For nothing heres my two cents. If I was doing that(mines already a dually) I would look into getting a complete dually rear axel. Here in Ct. we have a Bargain News Paper cost about 1.75 and its full of stuff. A complete dually rear end with tires and springs cost approx. $200-400. Theres been plenty to choose from too. I was thinking about one when I needed some springs. This set up should bolt right in to your truck, but you can't inter swap parts from one to the other. The only thing thats inter swapable is the gears if you have a 14 bolt full floater. Check this out first. Instead of doing a look a like get the real McCoy. You'll be better off.


----------



## karl klein (Jan 28, 2001)

the problem with that is you have to get the same gears as before, the springs have to line up, the shock mounts have to line up, brake lines, and drive shaft


----------



## Chuck Smith (Dec 30, 1999)

Do a search in this forum. 75 (Rob) has already posted the differences between dually and single rear wheel axles as far as spring mount locations, shock mounts, etc.

~Chuck


----------



## 2401 (Feb 3, 2001)

Here's a couple of discussions on the topic:

http://www.plowsite.com/showthread.php?threadid=5499&highlight=dually

http://www.plowsite.com/showthread.php?threadid=2611&highlight=dually

These were trucks in the 73 to 87 model range, I don't know how much things changed by 91 as far as frame widths, spring pads, shock locations etc but in general, I would say that if you're serious about "going dual" you are better off with an axle swap.
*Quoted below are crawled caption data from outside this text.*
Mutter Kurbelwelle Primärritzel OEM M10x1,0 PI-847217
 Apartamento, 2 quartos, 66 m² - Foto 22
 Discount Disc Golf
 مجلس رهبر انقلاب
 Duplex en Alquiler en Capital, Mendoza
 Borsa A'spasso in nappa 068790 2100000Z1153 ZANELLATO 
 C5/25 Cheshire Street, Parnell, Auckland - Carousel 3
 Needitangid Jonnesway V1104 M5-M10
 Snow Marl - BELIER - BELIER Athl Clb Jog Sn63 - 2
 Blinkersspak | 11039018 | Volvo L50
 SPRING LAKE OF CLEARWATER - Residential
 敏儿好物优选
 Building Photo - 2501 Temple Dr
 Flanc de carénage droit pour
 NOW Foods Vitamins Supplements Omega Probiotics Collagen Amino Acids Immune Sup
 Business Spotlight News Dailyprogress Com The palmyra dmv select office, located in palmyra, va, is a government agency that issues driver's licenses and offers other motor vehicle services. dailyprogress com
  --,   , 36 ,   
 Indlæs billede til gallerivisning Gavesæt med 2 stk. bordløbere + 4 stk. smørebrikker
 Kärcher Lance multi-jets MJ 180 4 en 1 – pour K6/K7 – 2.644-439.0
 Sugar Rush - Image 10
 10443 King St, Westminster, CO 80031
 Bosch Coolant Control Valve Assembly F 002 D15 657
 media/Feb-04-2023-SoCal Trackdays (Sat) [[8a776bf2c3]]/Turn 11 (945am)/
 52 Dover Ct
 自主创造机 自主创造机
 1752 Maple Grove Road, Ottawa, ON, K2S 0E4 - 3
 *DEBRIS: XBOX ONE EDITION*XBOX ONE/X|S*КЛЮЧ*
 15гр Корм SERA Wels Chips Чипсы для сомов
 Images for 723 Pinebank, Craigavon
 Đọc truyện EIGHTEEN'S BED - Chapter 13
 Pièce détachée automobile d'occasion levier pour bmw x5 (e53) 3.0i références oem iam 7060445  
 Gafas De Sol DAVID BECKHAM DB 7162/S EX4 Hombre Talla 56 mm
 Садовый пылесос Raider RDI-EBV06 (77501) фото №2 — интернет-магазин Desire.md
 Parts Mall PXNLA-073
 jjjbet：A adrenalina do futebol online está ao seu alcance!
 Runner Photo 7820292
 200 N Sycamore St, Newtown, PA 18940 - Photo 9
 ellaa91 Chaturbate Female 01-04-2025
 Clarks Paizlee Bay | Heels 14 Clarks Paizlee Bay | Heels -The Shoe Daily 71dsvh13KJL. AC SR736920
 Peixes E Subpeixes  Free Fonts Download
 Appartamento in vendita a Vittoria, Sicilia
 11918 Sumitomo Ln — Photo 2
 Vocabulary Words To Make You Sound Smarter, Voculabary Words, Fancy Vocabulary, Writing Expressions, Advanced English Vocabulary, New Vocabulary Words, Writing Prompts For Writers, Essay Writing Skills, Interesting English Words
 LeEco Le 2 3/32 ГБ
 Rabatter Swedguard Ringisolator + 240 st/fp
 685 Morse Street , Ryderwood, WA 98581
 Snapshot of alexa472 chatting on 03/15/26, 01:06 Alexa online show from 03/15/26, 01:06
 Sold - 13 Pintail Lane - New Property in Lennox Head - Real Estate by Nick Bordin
IMO the kits are for "the look" but aren't a real dually, the reason for the extra two tires in the first place is payload and by putting on a kit conversion you are still using the same 3/4 ton brakes etc to stop the extra weight that extra pair of tires can carry.

Depending on which axle is in your truck now, you _may_ have to modify (ie shorten, possibly different rear U-joint) the driveshaft. When I put duals under my 75 many years ago, the driveshaft had to be shortened by a couple inches due to the larger "pumpkin" on the dually axle.


----------